Das Gericht hat angesichts der aktuellen Reisewarnung des Auswärtigen Amtes sowie der allgemein bekannten, mindestens bürgerkriegsähnlichen Zustände im Irak bereits Zweifel an der Zumutbarkeit einer freiwilligen Rückkehr der Antragsteller. Darauf kommt es jedoch nach Ansicht des Gerichts nicht an.
Maßgeblich ist vielmehr, dass das Gesetz nach seinem ausdrücklichen Wortlaut eben nicht nur die bloße Beeinflussung der Aufenthaltsdauer verlangt, die bei Nichtbefolgen der bestehenden Ausreisepflicht sicher vorliegen würde, sondern diese darüber hinaus auch rechtsmissbräuchlich sein muss. Rechtsmissbrauch setzt aber bereits vom Wortsinn her ein über bloßes Verschulden hinausgehendes Unwerturteil voraus. Wenn der Gesetzgeber, dessen Begründung insoweit nicht eindeutig ist, eine Verschärfung der Leistungsvoraussetzungen wünschte, hätte er dies klar normieren müssen. Es ist weder Aufgabe der Verwaltung noch der Gerichte, nach der Gesetzesbegründung nur möglicherweise gewollte Einschränkungen in das Gesetz zu interpretieren und dabei ein in dem beschlossenen und verkündeten Wortlaut enthaltenes zusätzliches Merkmal zu Ungunsten der Betroffenen außer Acht zu lassen.
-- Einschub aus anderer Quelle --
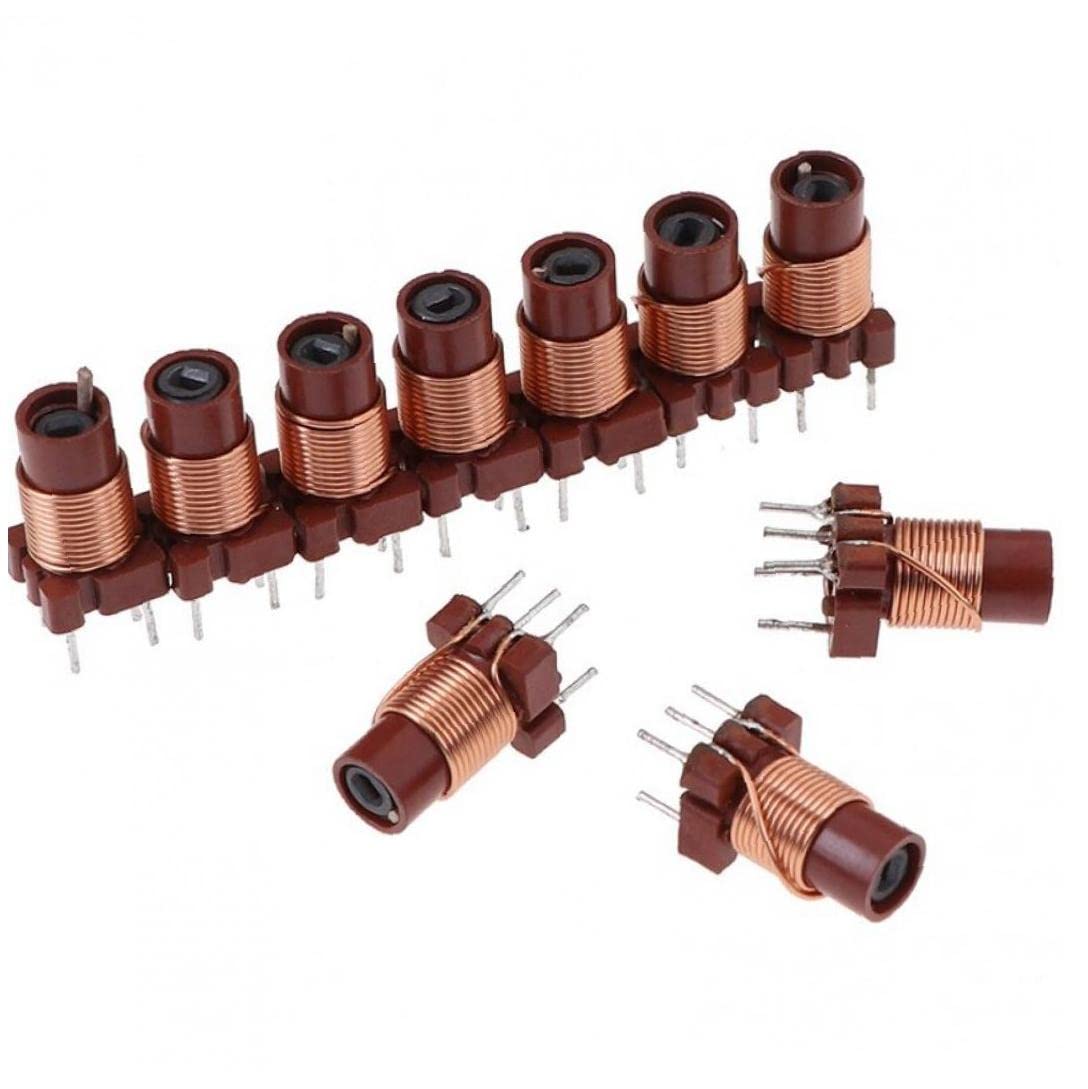 Haowul 10Pcs 12T 0.6Uh-1.7Uh Adjustable High-Frequency Ferrite Core Inductor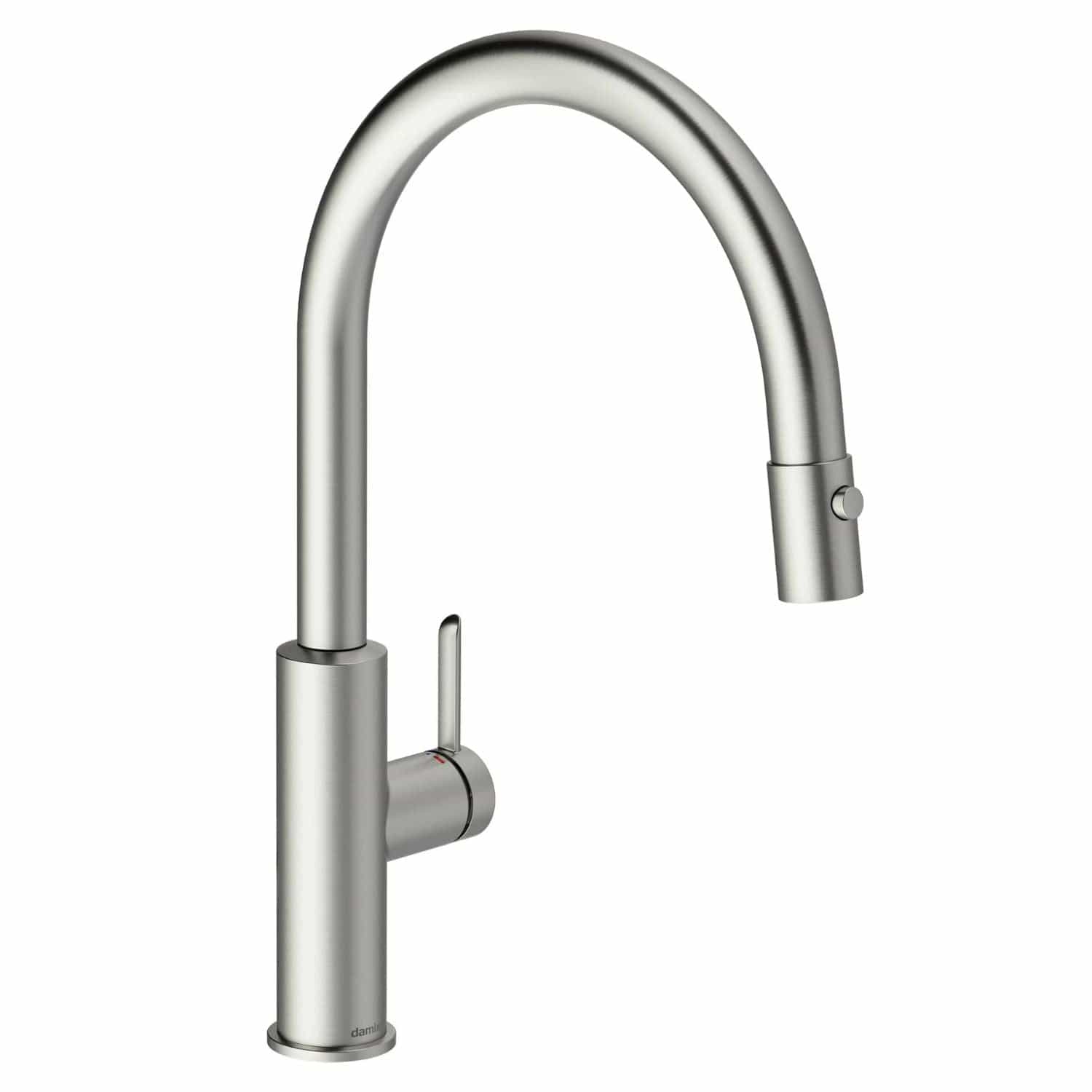 Damixa Iris Kjøkkenarmatur Uttrekkbar tut Børstet stål / Nei Damixa Kjøkkenarmatur KO-9112046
Das SG schließt sich daher der Auffassung des SG Hannover S 51 AY 1/05 ER, B.v. 20.01.05 (sowie den diese bestätigenden Entscheidungen u.a. des LSG Nds-Bremen L 7 AY 51/05 v. 20.12.05; LSG Sachsen L 3 B 179/05 v. 09.02.06) an und hält über die bloße Nichtausreise hinaus gehende Umstände für die Bejahung des Tatbestandsmerkmals des Rechtsmissbrauches für erforderlich.
Dafür kann das Gericht bei den Antragstellern keine Anhaltspunkte erkennen. Den Antragstellern wurden vielmehr Duldungen erteilt, nicht weil sie gegen die bestehende Ausreisepflicht aktiv geworden wären, sondern weil die Zustände in dem potentiellen Rückkehrland eine Abschiebung offenbar auch nach Ansicht des Antragsgegners verbieten. Solange dies aber der fall ist, nutzen die Antragsteller nur eine ihnen unabhängig vom eigenen Fehlverhalten eingeräumte Rechtsposition. das ist nicht rechtsmissbräuchlich.
Es liegt auch ein Anordnungsgrund vor. Das Verbot der Vorwegnahme der Hauptsache steht dem hier nicht entgegen, weil anders effektiver Rechtsschutz nicht zu erreichen ist. Angesichts der erheblich unter Sozialhilfeniveau liegenden Leistungen nach §§ 1, 3 ff. AsylbLG ist den Antragstellern ein Zuwaten auf die Entscheidung in der Hauptsache nicht zuzumuten. Insbesondere können die Folgen dieses Zuwartens nachträglich nicht mehr ausgeglichen werden, weil das tatsächliche Leben unter erheblich eingeschränkten Bedingungen auch durch eine Nachzahlung nicht geändert werden könnte. Angesichts der überwiegenden Erfolgsaussichten in der Hauptsache muss das Risiko ungerechtfertigter Leistungserbringung und möglicher Uneinbringlichkeit einer Rückforderung auf Seiten des Antragsgegners dem gegenüber zurückstehen.